Eau Vive (http://www.eau-vive.org/ ), dont il est le Directeur Général, vient de se renforcer en devenant une fédération au cours d’un colloque international tenu les 27 et 28 février 2014 à Ouagadougou. Des conclusions du colloque, de la restructuration de son organisation ainsi que la Journée Mondiale de l’Eau, actualité oblige, Jean Bosco Bazié, que l’on ne présente plus dans le secteur de l’eau, tant il est de la plupart des rendez-vous (internationaux, régionaux, nationaux) sur la question ; en parle dans l’entretien qu’il a bien voulu nous accordé via Internet. Interview exclusive

Lefaso.net : La communauté internationale célèbre ce 22 mars 2014 la Journée mondiale sur le thème « Eau-Energie ». Quelle est la portée d’une telle thématique ?

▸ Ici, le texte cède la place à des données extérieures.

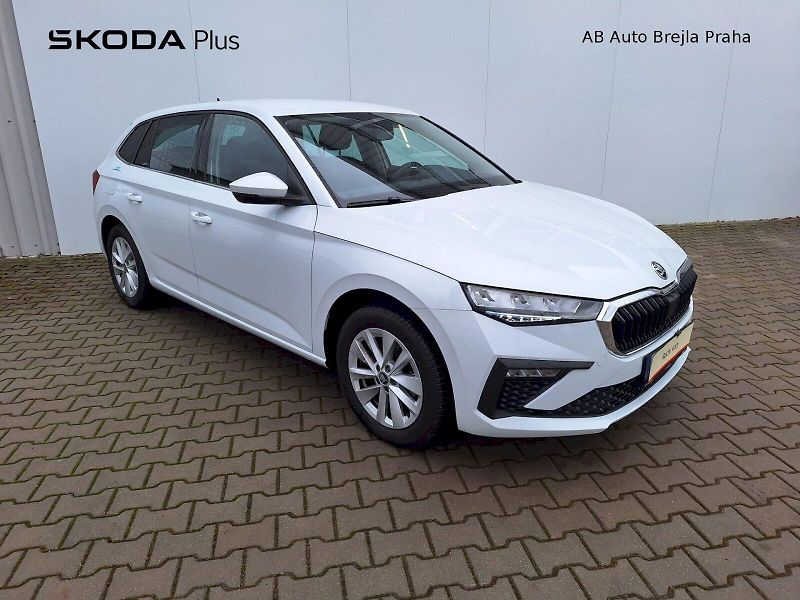 Škoda Scala (2025) SELEC TSI 85/1.0 A7F - fotka 6 z 26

Jean Bosco Bazié : Il faut rappeler que c’est le 22 décembre 1992 que par Résolution A/RES/47/193, les Nations Unies ont déclaré le 22 mars comme Journée Mondiale de l’Eau. Comme pour bien d’autres causes, il s’agissait de donner à la communauté internationale un temps de mobilisation, d’interpellation et de sensibilisation de l’opinion publique sur les enjeux liés à l’eau. Vingt ans après l’institution de cette journée, on peut dire qu’elle a atteint l’âge de maturité et qu’elle a bien contribué à donner un peu plus d’importance au secteur dans les agendas de développement.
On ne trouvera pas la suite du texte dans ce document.